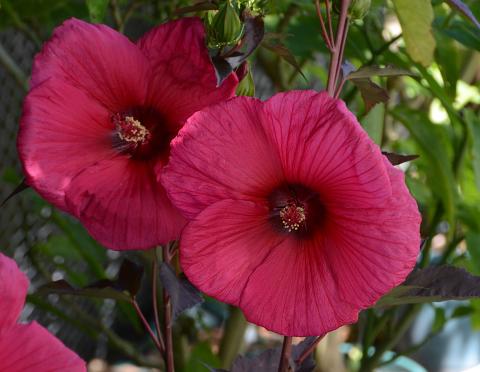 HIBISCUS MOS. PLANET ® GRIOTTE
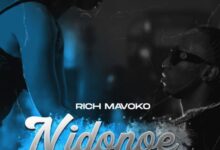 Photo of Rich Mavoko | Nidonoe  | AUDIO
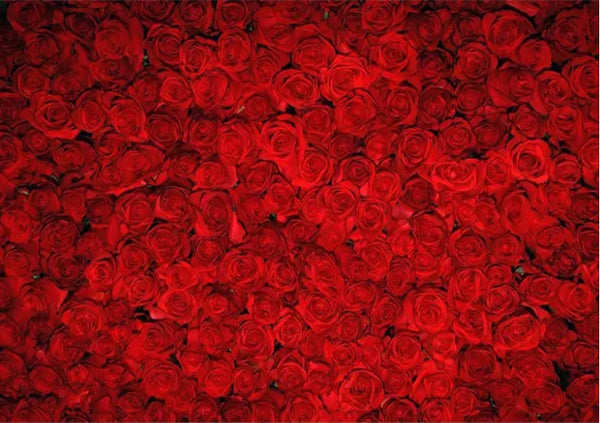 Red Roses Backdrop (Material: Vinyl)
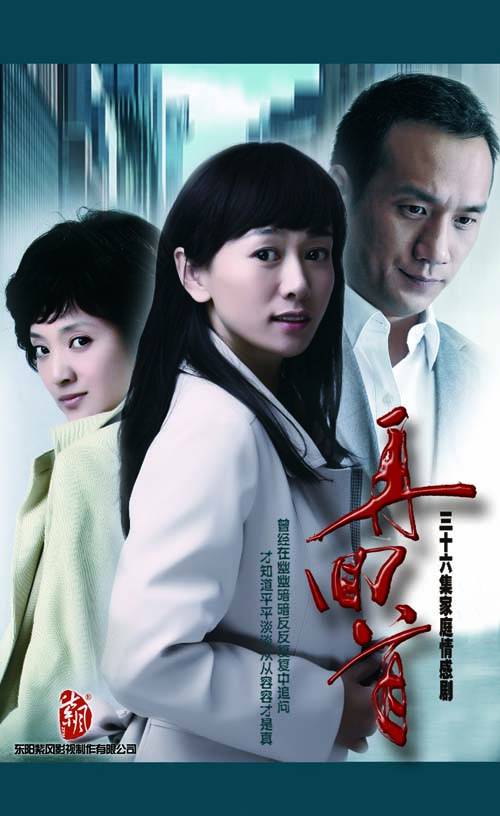 再回首（2011年斗琪执导电视剧）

━━━━

:: Requirement ::
If the material above contains pictures, exclude them from an otherwise exact transcription.

:: Output of the task ::
 HIBISCUS MOS. PLANET ® GRIOTTE
 Photo of Rich Mavoko | Nidonoe  | AUDIO
 Red Roses Backdrop (Material: Vinyl)
 再回首（2011年斗琪执导电视剧）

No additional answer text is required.